US ‘not clear’ on French G20 food proposal

© AFP Mauricio Lima

AFP/Activist Post

SAO PAULO (AFP) – US Treasury Secretary Timothy Geithner said Monday it was not clear what France was proposing within the G20 to stamp out food price volatility, and implied market forces should be left to work unhindered.

His comments, in response to a question asked at a meeting with business students and professors in Sao Paulo during a visit to Brazil, came as UN food agencies and France warned of unrest over rising food prices globally.

France, the current chair of the G20 group of major developed and developing nations, has vowed to bring stability to food commodity prices, possibly by creating a new mechanism in the World Trade Organization.

G20 agriculture ministers have been invited to Paris in June to draft solutions.

But Geithner said that the United States, while “working closely” with France on the issue, was wary of anything that might jeopardize the recovery from the global financial crisis.

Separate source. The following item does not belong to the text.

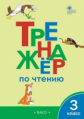 ТР Тренажёр по чтению 3 кл. (ФГОС) /Клюхина.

“We want to be very careful to bring balance to that perspective, that in the desire of politicians to bring stability to markets we don’t create conditions that will be damaging to not just the interests of commodity exporters but to the better functioning of the basic dynamics of the recovery,” he said.

“So it’s not clear to me yet what the French are really proposing,” he said.

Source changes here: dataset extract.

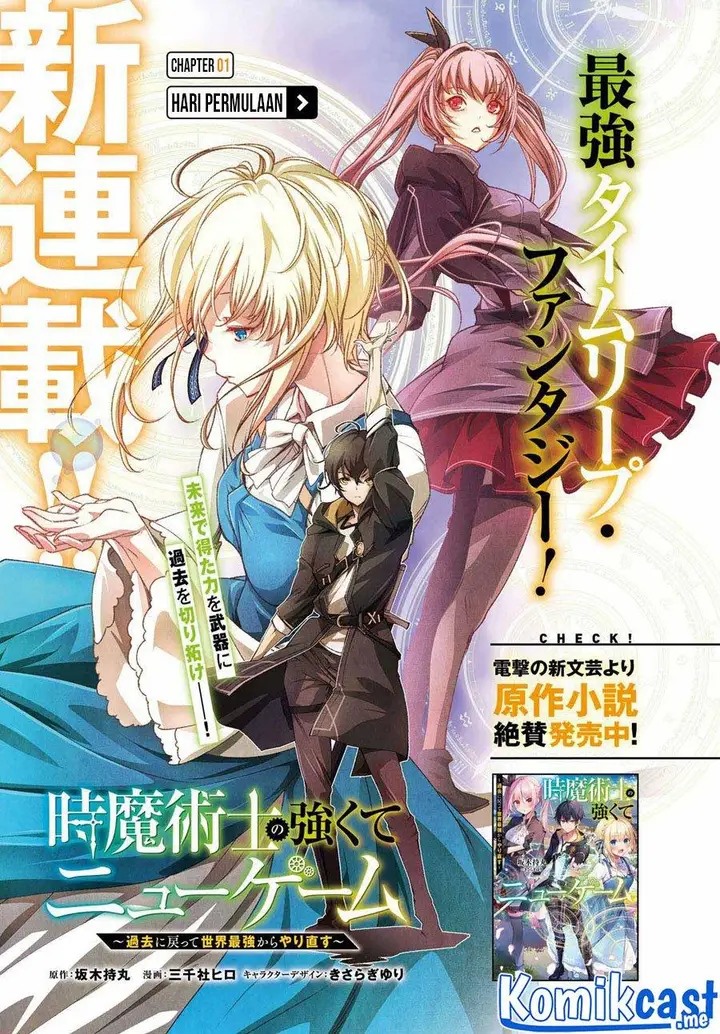image-komik-toki-majutsushi-no-tsuyokute-new-game-kako-ni-modotte-sekai-saikyou-kara-yarinaosu-chapter-1-3/41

Geithner added that US commodity trading was conducted in a transparent and accountable system that minimized the possibility of grain and cereal price speculation that France says is occurring elsewhere.

The Food and Agriculture Organization said last week that food prices have reached their highest level since the UN agency began measuring them in 1990.

The FAO and another UN agency, the World Food Program, suggested that the problem contributed to protests that led to the fall of the Tunisian government last month.

A previous sharp rise in food prices in 2007 and 2008 triggered food riots in a number of African countries, as well as in Haiti and the Philippines.